------ Data provided ------

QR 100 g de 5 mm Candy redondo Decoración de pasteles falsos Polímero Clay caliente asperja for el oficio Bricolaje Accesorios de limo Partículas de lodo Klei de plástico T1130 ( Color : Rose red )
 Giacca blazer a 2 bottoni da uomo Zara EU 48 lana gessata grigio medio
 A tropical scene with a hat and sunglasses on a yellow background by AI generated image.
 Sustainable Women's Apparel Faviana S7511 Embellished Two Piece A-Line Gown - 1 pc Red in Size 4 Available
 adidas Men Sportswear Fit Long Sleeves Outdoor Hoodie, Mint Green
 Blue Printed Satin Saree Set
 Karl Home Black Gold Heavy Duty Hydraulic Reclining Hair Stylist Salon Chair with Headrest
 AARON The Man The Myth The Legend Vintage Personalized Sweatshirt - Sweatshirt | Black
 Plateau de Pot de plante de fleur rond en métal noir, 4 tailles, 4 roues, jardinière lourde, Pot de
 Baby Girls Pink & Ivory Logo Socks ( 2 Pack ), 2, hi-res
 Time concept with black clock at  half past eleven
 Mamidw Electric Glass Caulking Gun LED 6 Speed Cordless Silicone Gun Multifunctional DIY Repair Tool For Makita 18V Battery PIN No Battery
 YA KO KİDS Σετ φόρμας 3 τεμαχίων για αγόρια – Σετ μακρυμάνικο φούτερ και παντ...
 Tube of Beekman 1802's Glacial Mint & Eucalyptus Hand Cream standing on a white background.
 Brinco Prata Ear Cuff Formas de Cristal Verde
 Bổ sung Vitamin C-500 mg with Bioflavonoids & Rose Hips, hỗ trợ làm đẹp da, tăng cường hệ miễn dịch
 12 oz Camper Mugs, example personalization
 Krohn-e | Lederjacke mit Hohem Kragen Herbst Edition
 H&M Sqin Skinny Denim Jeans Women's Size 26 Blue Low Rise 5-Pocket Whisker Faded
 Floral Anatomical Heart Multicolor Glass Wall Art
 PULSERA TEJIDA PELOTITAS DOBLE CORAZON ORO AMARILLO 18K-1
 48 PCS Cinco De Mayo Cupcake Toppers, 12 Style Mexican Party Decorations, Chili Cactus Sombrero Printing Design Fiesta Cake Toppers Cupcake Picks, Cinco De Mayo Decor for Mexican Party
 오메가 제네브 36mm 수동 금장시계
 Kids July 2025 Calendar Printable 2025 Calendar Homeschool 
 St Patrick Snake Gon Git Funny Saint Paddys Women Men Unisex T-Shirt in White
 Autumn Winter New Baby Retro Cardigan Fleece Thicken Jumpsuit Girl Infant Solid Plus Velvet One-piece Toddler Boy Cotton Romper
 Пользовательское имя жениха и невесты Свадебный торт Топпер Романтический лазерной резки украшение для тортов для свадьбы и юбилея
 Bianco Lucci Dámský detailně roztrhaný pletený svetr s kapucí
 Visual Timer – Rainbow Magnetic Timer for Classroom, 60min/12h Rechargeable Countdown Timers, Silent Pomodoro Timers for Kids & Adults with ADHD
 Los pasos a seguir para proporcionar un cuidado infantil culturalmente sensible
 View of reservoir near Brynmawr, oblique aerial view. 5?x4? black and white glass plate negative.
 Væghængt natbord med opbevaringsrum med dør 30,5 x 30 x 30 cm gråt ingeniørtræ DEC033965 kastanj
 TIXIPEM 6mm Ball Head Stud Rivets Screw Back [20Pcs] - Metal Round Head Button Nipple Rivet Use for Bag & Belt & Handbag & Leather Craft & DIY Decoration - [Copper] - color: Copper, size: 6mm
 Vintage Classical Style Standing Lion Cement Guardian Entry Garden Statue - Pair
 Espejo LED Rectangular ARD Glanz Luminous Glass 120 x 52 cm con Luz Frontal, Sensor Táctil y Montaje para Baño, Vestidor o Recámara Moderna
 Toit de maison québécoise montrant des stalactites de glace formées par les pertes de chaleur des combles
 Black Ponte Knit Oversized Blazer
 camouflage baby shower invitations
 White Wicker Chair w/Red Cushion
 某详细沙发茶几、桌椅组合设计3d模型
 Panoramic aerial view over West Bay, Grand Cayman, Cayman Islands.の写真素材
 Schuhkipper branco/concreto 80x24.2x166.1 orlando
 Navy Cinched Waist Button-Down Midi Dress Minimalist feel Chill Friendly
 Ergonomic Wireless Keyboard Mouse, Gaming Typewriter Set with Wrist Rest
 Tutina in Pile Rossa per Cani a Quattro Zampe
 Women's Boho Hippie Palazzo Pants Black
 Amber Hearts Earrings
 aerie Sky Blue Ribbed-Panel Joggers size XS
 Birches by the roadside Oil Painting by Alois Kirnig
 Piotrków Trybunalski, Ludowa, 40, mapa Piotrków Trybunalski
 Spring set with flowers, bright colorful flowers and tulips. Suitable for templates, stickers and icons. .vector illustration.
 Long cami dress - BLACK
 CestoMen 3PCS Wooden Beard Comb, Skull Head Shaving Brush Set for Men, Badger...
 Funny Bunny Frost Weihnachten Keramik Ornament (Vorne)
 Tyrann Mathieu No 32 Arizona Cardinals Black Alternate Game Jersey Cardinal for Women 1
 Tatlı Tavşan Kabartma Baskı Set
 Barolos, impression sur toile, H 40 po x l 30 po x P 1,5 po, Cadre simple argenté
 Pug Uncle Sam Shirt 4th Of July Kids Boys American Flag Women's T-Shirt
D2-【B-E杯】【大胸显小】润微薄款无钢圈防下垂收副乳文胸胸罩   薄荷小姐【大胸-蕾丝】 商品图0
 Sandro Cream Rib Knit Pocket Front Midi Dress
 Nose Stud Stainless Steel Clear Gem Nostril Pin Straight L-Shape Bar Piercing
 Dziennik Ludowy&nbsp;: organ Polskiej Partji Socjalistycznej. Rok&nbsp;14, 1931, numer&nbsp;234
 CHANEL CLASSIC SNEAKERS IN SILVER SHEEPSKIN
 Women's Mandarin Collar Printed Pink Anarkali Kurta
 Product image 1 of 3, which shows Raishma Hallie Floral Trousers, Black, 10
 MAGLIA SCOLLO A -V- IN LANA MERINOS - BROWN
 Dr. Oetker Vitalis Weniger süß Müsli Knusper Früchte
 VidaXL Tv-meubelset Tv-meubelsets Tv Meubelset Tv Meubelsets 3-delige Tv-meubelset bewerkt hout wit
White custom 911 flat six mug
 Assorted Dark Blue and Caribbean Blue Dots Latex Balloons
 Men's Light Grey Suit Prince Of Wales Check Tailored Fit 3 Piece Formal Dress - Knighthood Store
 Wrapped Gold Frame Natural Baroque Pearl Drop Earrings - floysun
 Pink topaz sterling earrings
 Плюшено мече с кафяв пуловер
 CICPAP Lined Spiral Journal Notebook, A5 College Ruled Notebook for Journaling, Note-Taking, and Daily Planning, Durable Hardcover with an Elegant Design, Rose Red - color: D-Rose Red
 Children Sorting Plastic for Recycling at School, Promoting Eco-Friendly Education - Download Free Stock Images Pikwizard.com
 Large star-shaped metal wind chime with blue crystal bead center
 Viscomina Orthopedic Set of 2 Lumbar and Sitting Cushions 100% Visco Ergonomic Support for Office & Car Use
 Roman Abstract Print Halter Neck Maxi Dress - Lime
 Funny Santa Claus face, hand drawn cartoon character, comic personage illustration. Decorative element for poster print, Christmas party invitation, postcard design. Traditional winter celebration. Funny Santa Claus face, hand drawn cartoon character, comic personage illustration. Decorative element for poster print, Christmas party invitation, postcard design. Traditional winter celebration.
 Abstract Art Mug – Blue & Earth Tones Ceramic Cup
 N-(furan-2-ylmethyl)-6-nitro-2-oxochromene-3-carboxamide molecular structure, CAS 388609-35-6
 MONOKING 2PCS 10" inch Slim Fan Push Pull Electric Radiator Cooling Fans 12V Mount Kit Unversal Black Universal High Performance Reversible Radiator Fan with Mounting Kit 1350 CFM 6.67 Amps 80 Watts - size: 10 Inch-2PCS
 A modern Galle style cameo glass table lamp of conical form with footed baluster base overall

------

Give only the lines from the one holding "PULSERA TEJIDA PELOTITAS" through the one holding "Visual Timer –", each restated exactly as it appears above.

### Exercise result
 PULSERA TEJIDA PELOTITAS DOBLE CORAZON ORO AMARILLO 18K-1
 48 PCS Cinco De Mayo Cupcake Toppers, 12 Style Mexican Party Decorations, Chili Cactus Sombrero Printing Design Fiesta Cake Toppers Cupcake Picks, Cinco De Mayo Decor for Mexican Party
 오메가 제네브 36mm 수동 금장시계
 Kids July 2025 Calendar Printable 2025 Calendar Homeschool 
 St Patrick Snake Gon Git Funny Saint Paddys Women Men Unisex T-Shirt in White
 Autumn Winter New Baby Retro Cardigan Fleece Thicken Jumpsuit Girl Infant Solid Plus Velvet One-piece Toddler Boy Cotton Romper
 Пользовательское имя жениха и невесты Свадебный торт Топпер Романтический лазерной резки украшение для тортов для свадьбы и юбилея
 Bianco Lucci Dámský detailně roztrhaný pletený svetr s kapucí
 Visual Timer – Rainbow Magnetic Timer for Classroom, 60min/12h Rechargeable Countdown Timers, Silent Pomodoro Timers for Kids & Adults with ADHD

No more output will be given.